Division order denying his petition for post-conviction relief (PCR) following

an evidentiary hearing. We affirm.

      In two separate indictments, Passaic County grand juries charged

defendant with, among other offenses, fourth-degree criminal sexual contact,

 N.J.S.A. 2C:14-2(c), and second-degree sexual assault,  N.J.S.A. 2C:14-2(c)(4).

On April 23, 2015, defendant pled guilty in return for the State's agreement to

recommend that he be sentenced to time served, parole supervision for life, and

mandatory Megan's Law registration requirements.

      At the plea hearing, defendant provided a factual basis to the charge of

fourth-degree criminal sexual contact, admitting he touched the breasts of a

fifteen-year-old girl against her will for his own sexual gratification. Defendant

also testified that he was guilty of second-degree criminal assault because he

had intercourse with a fourteen-year-old girl at a time when he was almost

nineteen years old.

      During his plea colloquy, defendant further testified that he: understood

the nature of the charges against him; was pleading guilty because he was guilty;

wished to waive his right to a trial; was satisfied with the services of his attorney;

and had enough time to confer with his attorney.


                                                                                A-1347-18
                                          2
      Thereafter, the trial judge sentenced defendant in accordance with the

terms of his negotiated plea agreement to time served, 1 parole supervision for

life, and mandatory Megan's Law registration requirements.

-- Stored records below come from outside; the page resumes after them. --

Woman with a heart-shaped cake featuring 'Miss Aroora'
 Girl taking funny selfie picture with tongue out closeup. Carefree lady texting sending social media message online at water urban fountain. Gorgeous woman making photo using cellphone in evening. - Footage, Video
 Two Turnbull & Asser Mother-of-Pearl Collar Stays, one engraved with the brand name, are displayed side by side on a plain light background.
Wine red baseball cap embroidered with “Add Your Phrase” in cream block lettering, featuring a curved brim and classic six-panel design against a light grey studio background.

The judge also

advised defendant that he had forty-five days to appeal his conviction and

sentence, and five years to file a petition for PCR.

      Defendant did not file a direct appeal. However, he filed a timely petition

for PCR on September 29, 2017. In an affidavit accompanying his petition,

defendant alleged his trial counsel was ineffective because the attorney forced


1
  We note that the trial judge imposed a time-served sentence on defendant for
the charge of second-degree sexual assault charge under  N.J.S.A. 2C:14-2(c)(4).
This sentence was not in accord with the Criminal Code. At the time of
sentencing, defendant had 628 days of jail credit for this offense. However,
 N.J.S.A. 2C:43-6(a)(2) states that "a person who has been convicted of a
[second-degree] crime may be sentenced . . . for a specific term which shall be
fixed by the court and shall be between five years and [ten] years[.]" Although
 N.J.S.A. 2C:44-1(f)(2) states that a judge may sentence a person convicted of a
second-degree offense "to a term appropriate to a crime of one degree lower than
that for which the defendant was convicted[,]" that exception only applies if the
judge "is clearly convinced that the mitigating factors substantially outweigh
the aggravating factors and where the interest of justice demands[.]" Here, the
judge did not make these required findings and, in any event, the sentence fo r a
third-degree offense "shall be between three years and five years[.]"  N.J.S.A.
2C:43-6(a)(3). Thus, the time-served sentence of 628 days was improper.
However, we further note that defendant has served the custodial portion of his
sentence and the parties have not challenged the sentence on appeal. Under
these circumstances, we take no action concerning the length of the custodial
sentence, but remind trial courts, prosecutors, and defense counsel of the need
in future cases to structure plea agreements that meet the requirements of the
Criminal Code.
                                                                           A-1347-18
                                        3
defendant to accept the plea without advising him of the "personal

consequences." Subsequently, defendant certified his attorney did not: provide

him with all of the discovery in the file; "discuss [the] case in detail with [him]";

or "properly advise[ him] as to the plea itself."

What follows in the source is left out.